As ever, Cave uses overtly religious imagery in ways both subversive and devout. The “kingdom in the sky” first appears in the album’s opening lines, where the foreboding music suggests we are doomed never to find it. Its final recurrence comes near the album’s end, in the dreamlike “Lavender Fields,” where a choir urges Cave’s narrator to have faith despite his loss: “Where did they go?/Where did they hide?/We don’t ask who/We don’t ask why/There is a kingdom in the sky.”
The kingdom appears most memorably between these poles, in the delirious coda to “White Elephant,” the album’s centerpiece. Over a sinister rhythm track that nearly scans as hip-hop, Cave gives a thunderous monologue in character as a sort of spiritual embodiment of white supremacy. As protesters tear down statues, his boasts become increasingly deranged. Then a drum fill and another jarring smash cut, this time to a drunken gospel-rock singalong, equally jubilant and grotesque: “The time is coming, the time is nigh/For the kingdom in the sky.” God is many things to many people, this passage suggests, and not all of them good. The album’s catchiest hook becomes an arch conceptual set piece, more unsettling than uplifting.
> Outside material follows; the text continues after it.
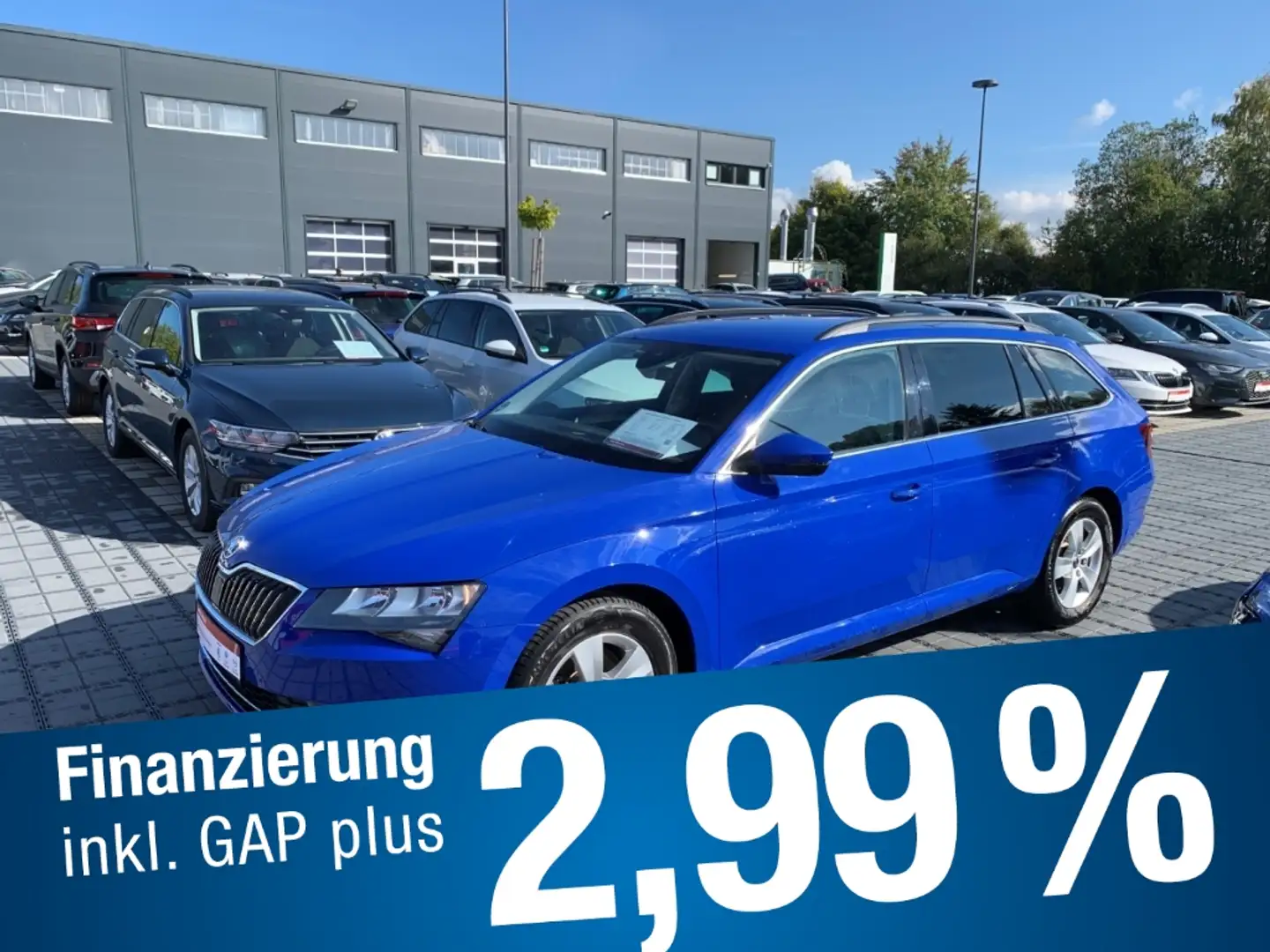 Skoda Superb Combi Ambition 1.5 TSI ACT Navi Alufelgen Blau - 1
If Carnage’s feverish first half sometimes recalls David Lynch, its austere second is more like Terrence Malick. After “White Elephant,” the album settles into an extended comedown, both musically and lyrically. The abrupt tonal shifts recede in favor of Ghosteen-ish washes of placid harmony; Cave’s focus zooms out beyond the pained countenances and rictus grins of Side A to encompass entire cosmic landscapes. The second act is slightly less satisfying than the first, if only because it’s more clearly an extension of the last few Bad Seeds albums. But in the world of Carnage, these final four songs offer a tentative but hopeful resolution to the initial chaos. It culminates with a return to the balcony, on a morning with no storms in sight, for now. “There’s a madness in her and a madness in me/And together it forms a kind of sanity,” Cave sings atop drifting synthesizers on “Shattered Ground,” a couplet that should resonate with anyone who has passed through trouble with a partner only to find more on the way. The next line comes as a surprise every time I hear it, with a sudden, choked, almost accidental directness that only heightens its power and apparent centrality. Everything is in those five words: “Oh, baby, don’t leave me.”